On Wednesday, we visited the National Quilt Museum, which seems to be the beating heart of old Paducah. The exhibit included both antique and contemporary quilts. It was inspirational to the point of being nearly overwhelming. Could I ever dare to be so good? Jim (the old textile collector and neophyte quilter) was also intrigued. Our tastes were the same: we preferred traditional and stylized/abstract designs better than the representational/pictorial ones that tried to reproduce a scene or still life. The pictorial ones seemed less "quilty" to us, even though the craftsmanship was masterful.
It was all downhill from there. We found a couple well-known quilting shops but frankly they didn't offer anything over our local ones. I was after inspiration not fabric. The rest of the town seemed "closed till quilt week," which is next month. I do like the fact that Paducah has an artist relocation program that essentially gives old houses to artists to help generate an art district. However, most are still only open by appointment.... and during quilt week.

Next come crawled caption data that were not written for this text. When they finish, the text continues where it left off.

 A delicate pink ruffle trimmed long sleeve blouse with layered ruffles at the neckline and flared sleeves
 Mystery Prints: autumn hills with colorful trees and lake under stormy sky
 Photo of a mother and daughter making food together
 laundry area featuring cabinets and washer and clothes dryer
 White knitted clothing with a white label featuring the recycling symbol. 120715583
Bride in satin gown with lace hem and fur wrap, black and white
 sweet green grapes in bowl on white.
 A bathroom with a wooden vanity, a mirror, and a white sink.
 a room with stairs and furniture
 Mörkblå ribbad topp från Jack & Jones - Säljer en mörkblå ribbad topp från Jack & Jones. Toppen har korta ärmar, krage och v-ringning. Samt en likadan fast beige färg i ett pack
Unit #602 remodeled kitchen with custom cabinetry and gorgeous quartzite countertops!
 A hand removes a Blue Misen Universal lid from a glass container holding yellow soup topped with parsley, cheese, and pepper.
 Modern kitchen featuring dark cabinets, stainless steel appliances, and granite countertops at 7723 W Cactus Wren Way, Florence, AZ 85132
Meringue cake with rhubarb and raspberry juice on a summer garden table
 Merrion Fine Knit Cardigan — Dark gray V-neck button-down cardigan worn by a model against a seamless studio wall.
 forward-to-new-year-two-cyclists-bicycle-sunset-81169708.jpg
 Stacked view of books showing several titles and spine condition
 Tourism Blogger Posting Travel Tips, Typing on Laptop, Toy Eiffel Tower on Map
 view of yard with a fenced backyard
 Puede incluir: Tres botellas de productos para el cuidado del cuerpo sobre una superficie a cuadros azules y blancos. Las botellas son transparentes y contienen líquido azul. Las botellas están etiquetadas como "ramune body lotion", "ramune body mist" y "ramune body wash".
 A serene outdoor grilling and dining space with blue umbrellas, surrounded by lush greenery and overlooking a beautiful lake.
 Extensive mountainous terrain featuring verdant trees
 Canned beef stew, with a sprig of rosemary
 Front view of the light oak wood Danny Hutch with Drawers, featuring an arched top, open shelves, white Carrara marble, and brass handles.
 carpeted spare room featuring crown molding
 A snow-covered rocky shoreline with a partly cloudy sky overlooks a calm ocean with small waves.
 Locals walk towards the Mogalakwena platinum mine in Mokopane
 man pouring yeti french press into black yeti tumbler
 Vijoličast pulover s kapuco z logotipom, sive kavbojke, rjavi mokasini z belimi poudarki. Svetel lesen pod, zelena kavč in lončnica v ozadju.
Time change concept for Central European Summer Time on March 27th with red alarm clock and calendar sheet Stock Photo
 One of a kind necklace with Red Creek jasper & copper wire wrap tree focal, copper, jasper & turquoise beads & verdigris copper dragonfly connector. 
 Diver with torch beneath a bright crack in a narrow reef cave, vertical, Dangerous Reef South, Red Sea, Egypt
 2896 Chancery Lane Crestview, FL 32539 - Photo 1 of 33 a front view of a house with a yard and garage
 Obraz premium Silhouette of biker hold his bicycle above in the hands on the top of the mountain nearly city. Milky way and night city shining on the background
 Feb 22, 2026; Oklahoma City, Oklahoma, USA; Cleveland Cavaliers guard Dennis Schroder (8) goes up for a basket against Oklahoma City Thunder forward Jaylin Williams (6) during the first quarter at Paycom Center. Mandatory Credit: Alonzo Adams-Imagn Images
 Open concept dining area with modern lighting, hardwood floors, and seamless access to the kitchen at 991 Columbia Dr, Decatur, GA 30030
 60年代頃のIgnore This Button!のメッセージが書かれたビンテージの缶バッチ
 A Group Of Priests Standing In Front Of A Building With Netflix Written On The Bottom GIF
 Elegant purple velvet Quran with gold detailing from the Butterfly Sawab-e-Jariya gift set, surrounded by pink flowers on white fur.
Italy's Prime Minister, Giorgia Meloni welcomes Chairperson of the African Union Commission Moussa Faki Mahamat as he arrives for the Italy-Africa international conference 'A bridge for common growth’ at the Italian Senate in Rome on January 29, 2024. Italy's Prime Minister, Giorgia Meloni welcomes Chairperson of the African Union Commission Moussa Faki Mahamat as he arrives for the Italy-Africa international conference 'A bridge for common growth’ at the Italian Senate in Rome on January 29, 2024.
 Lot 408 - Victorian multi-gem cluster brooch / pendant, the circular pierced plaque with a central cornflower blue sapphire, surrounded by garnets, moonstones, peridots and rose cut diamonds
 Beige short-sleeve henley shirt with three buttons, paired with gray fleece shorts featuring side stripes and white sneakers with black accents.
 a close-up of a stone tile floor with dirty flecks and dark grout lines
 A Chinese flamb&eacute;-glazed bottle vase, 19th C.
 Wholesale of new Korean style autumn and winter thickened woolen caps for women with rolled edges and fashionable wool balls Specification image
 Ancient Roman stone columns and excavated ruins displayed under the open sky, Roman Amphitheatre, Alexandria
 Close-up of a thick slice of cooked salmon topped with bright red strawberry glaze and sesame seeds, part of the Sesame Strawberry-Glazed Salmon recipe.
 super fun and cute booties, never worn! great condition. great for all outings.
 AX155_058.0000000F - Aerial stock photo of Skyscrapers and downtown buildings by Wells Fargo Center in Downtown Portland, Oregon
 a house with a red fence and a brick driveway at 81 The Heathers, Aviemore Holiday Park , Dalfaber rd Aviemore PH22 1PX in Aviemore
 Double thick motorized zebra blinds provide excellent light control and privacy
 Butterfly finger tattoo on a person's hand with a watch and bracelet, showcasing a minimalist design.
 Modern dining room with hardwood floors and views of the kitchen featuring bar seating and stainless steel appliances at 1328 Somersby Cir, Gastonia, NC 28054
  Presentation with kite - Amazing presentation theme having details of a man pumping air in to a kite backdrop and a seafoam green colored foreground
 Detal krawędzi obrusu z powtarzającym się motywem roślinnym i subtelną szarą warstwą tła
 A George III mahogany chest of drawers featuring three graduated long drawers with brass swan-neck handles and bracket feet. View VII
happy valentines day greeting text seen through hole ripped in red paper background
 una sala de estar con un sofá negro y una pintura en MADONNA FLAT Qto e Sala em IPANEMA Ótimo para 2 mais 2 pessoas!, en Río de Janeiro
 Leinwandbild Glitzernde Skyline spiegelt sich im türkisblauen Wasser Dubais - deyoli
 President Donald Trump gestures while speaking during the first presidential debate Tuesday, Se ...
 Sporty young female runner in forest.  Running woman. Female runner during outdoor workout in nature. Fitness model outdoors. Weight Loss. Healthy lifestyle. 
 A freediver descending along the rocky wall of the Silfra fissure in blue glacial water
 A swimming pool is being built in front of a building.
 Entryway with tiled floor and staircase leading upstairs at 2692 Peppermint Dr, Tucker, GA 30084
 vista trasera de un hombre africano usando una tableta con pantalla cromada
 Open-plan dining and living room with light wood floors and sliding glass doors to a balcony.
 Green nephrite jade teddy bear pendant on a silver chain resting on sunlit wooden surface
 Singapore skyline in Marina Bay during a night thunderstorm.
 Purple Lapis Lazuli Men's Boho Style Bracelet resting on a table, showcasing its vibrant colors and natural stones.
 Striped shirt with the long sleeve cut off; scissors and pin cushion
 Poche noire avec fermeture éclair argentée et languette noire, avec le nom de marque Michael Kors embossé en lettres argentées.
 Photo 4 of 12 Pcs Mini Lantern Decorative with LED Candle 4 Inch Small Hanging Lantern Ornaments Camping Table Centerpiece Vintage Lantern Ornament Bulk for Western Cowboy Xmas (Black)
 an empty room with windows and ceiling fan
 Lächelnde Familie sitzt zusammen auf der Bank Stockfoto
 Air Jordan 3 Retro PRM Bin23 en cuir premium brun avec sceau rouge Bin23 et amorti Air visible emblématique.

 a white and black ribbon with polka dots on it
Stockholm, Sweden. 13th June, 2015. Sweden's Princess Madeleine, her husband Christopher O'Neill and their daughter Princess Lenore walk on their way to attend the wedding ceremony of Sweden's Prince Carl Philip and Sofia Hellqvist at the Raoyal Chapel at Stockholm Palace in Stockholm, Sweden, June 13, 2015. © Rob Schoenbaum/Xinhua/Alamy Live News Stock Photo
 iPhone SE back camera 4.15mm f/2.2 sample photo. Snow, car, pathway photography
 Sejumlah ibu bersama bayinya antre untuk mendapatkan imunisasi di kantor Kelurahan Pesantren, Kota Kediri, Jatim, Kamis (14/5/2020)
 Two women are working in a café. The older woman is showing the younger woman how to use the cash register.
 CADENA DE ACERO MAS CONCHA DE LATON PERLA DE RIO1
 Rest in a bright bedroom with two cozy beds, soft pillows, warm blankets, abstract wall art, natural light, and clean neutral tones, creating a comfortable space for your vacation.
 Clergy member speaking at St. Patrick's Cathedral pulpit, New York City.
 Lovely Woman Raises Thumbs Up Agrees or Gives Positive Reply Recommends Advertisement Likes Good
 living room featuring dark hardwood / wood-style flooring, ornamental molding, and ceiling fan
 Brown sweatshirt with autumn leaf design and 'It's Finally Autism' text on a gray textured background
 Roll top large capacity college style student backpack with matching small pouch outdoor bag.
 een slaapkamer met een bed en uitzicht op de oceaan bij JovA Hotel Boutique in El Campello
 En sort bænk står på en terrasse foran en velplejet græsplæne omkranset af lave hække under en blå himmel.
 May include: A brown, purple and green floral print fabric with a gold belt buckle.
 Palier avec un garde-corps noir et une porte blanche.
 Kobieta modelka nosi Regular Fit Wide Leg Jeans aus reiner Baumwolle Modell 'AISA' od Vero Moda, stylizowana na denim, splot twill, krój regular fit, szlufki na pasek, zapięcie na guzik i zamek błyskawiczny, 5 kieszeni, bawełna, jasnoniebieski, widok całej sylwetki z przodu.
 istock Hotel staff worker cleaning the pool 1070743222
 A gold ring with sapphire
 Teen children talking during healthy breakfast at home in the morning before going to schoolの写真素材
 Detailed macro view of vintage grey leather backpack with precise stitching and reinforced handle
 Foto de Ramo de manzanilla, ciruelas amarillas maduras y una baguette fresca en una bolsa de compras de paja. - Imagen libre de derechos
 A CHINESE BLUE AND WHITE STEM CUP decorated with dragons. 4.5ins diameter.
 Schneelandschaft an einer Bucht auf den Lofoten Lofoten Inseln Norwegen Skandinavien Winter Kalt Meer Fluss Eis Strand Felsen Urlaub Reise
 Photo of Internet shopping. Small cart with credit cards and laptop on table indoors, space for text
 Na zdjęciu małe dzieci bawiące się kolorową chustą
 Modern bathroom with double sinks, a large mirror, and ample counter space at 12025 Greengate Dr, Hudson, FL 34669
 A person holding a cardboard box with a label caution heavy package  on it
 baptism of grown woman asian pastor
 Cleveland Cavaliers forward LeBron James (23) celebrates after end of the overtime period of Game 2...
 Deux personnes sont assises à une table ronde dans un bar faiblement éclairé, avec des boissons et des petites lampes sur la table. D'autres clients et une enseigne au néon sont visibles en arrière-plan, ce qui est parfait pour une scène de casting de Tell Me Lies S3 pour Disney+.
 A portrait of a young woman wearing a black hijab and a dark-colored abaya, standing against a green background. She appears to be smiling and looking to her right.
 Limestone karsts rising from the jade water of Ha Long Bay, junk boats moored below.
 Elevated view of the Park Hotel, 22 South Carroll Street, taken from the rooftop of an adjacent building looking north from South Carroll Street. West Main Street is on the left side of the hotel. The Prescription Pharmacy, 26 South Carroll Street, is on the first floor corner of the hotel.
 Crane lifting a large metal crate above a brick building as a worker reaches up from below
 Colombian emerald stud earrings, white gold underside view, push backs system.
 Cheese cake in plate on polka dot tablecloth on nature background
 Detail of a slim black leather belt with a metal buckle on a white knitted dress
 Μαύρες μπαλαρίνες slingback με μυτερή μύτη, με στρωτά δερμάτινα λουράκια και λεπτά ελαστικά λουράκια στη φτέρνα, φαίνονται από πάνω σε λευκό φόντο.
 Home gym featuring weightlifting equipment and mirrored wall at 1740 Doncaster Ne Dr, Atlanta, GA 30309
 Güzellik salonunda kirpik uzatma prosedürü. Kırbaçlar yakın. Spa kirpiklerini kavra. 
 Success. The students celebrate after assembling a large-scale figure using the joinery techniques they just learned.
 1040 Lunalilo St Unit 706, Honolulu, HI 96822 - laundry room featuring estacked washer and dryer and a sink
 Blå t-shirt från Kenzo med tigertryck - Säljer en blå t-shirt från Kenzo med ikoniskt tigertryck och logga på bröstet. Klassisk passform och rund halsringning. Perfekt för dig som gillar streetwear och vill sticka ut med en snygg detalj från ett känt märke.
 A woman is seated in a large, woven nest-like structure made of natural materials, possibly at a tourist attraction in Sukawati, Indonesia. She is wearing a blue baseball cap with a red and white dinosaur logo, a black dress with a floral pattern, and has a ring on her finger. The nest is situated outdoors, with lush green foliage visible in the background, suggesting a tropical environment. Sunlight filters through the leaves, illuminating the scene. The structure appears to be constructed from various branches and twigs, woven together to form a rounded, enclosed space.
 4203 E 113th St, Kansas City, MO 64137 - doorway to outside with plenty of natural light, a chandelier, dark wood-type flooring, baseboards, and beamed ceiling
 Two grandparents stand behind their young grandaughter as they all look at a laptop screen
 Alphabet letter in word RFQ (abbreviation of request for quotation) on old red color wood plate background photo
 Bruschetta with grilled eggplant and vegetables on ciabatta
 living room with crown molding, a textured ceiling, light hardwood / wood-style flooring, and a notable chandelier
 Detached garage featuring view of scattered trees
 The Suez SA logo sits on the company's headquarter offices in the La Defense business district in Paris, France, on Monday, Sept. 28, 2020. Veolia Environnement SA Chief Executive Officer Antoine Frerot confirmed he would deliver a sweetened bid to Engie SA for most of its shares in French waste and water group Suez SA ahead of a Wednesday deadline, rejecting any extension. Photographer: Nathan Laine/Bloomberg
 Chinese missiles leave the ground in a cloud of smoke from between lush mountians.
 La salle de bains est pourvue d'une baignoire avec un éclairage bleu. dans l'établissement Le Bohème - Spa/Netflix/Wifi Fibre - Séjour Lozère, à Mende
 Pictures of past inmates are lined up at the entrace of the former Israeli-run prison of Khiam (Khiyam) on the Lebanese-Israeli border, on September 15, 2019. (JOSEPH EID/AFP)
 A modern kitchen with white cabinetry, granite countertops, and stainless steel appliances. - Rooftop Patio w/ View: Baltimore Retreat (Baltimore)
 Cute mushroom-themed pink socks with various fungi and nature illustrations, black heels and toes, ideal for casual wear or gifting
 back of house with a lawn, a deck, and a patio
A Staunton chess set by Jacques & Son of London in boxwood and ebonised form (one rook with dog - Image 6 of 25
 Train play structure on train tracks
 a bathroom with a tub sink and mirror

Our idea to ramble along the backroads of Kentucky was foiled when it turned out that there really weren't any decent east-west byways. Our choice was either to spend forever tacking northeast and southeast or hop on the interstate. On Thursday, we gave up trying to fiddle our way along routes 68 and 80 and gave into the the dull interstate in order to get to the artisan center of Berea. (We had already decided to save a visit to Asheville NC for another trip.)
Berea is a lovely little town and home of the Kentucky Artisan Center and Berea College, a liberal arts college that specializes in preserving the traditional regional crafts (and if you work 10 hours a week for the college, tuition is free). The Artisan Center is basically a shop, bringing together work of students and regional craftspeople. Very good stuff at boutique prices. I took some photos for inspiration, but we didn't purchase anything. There were lots of other little shops specializing in craft items, so we browsed till Jim's feet protested.
Then we zipped up to Morehead, Kentucky, another college town and home of the small Kentucky Folk Art Center. Whereas Berea seems to specialize in the MFA boutique-oriented artisan, KFAC is oriented toward the backwoodsy, self-trained outsider. The introduction to this art on their website says:
...Upon viewing folk art for the first time, many are attracted to its whimsical attributes, and we should take joy in these works as the artists intended. But in many instances, the art that you see on the walls at KFAC was born out of hard times. The works displayed here stand as a document of and testament to the concerns, courage, and convictions of the common man.
On the museum wall it goes on to say that folk art "smiles in the face of a callous world" and is a force for optimism. That sums it up well.
After Morehead, we felt the pull to go home. We pushed on to Parkersburg WV for another motel night, then up I-77 home.